Joe Gibbs Racing has amended its lawsuit against its former competition director to include Spire Motorsports, alleging the NASCAR team illegally obtained proprietary information from the ex-employee.
The amendment filed on Tuesday in the Western District of North Carolina calls the defendants’ actions “immoral, unethical and unscrupulous” and seeks a temporary restraining order and a preliminary injunction against longtime JGR employee Chris Gabehart.
The lawsuit originally filed last Thursday seeks damages of at least $8 million.
The amended filing asks the court for a permanent injunction to stop Gabehart, now the chief motorsports officer for Spire, from “working or performing any services for Spire similar to those he provided to JGR for the 18 months following February 9, 2026.” JGR also wants Gabehart to cease and desist using, sharing, copying or transferring any of its proprietary information.
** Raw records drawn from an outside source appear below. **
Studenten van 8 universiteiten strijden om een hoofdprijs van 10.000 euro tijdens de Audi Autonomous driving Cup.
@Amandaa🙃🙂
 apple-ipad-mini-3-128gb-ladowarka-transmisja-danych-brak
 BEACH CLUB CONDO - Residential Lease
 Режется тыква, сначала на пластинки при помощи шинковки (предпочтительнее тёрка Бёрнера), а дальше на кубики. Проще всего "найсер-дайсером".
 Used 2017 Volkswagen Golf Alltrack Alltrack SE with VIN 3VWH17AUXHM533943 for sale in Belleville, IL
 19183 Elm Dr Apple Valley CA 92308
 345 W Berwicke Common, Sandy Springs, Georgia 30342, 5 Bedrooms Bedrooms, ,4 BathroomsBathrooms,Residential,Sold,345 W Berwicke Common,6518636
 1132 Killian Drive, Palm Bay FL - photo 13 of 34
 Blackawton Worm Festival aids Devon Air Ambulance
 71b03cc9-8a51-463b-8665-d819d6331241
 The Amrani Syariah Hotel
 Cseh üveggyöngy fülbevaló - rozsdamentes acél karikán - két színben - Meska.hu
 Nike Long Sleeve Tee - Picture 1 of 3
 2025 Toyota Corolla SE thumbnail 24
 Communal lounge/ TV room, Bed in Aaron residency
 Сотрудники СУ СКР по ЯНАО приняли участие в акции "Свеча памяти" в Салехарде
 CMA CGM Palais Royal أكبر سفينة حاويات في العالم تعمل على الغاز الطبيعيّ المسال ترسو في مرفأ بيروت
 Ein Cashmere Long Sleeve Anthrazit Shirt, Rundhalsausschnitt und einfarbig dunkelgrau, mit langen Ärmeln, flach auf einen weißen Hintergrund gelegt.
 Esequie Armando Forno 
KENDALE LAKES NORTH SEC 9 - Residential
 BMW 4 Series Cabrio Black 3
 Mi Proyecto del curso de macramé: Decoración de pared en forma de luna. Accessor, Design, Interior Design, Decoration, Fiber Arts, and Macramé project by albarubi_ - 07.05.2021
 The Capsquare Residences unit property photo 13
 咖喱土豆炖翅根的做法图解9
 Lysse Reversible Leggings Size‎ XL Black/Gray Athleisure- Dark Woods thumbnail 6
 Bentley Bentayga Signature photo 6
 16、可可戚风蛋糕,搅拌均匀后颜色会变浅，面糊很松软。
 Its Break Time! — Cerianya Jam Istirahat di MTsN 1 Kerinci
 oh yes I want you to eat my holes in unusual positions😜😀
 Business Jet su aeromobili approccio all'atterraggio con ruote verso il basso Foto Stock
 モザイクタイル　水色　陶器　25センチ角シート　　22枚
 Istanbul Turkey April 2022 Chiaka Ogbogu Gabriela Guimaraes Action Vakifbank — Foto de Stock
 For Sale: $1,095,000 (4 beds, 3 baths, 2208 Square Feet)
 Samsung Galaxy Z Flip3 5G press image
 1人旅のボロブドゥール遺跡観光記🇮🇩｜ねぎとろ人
Spire was added to the suit because JGR claims it is benefiting from Gabehart’s “misappropriation of trade secrets” and “the competitive information he has used and improperly retained will give Spire a competitive advantage in the marketplace.”
Spire Motorsports declined a request for comment from The Athletic.
Gabehart put in 13 years at JGR, including a lengthy stint as Denny Hamlin’s crew chief and more recently as the director of competition. His base salary last year reportedly was $1 million before bonuses.
According to motorsport.com, a JGR investigation found that Gabehart set up a folder on his computer, shared to his personal cloud storage, that listed team details including salaries and performance reviews of drivers, crew chiefs and pit crews.
JGR alleges that Gabehart looked at those files in the midst of finalizing his departure from the team on the same day he had a meeting with Spire co-owner Jeff Dickerson.
JGR is owned by Pro Football Hall of Fame coach Joe Gibbs, 85, who won three Super Bowls as head coach of the Washington franchise. In NASCAR, his drivers have won five Cup Series championships and four Daytona 500s.